--- START ---

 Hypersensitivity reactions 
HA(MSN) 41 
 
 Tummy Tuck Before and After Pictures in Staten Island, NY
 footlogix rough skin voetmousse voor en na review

--- END ---

TO DO:
Repeat this material verbatim.

SOLUTION TO THE EXERCISE:
 Hypersensitivity reactions 
HA(MSN) 41 
 
 Tummy Tuck Before and After Pictures in Staten Island, NY
 footlogix rough skin voetmousse voor en na review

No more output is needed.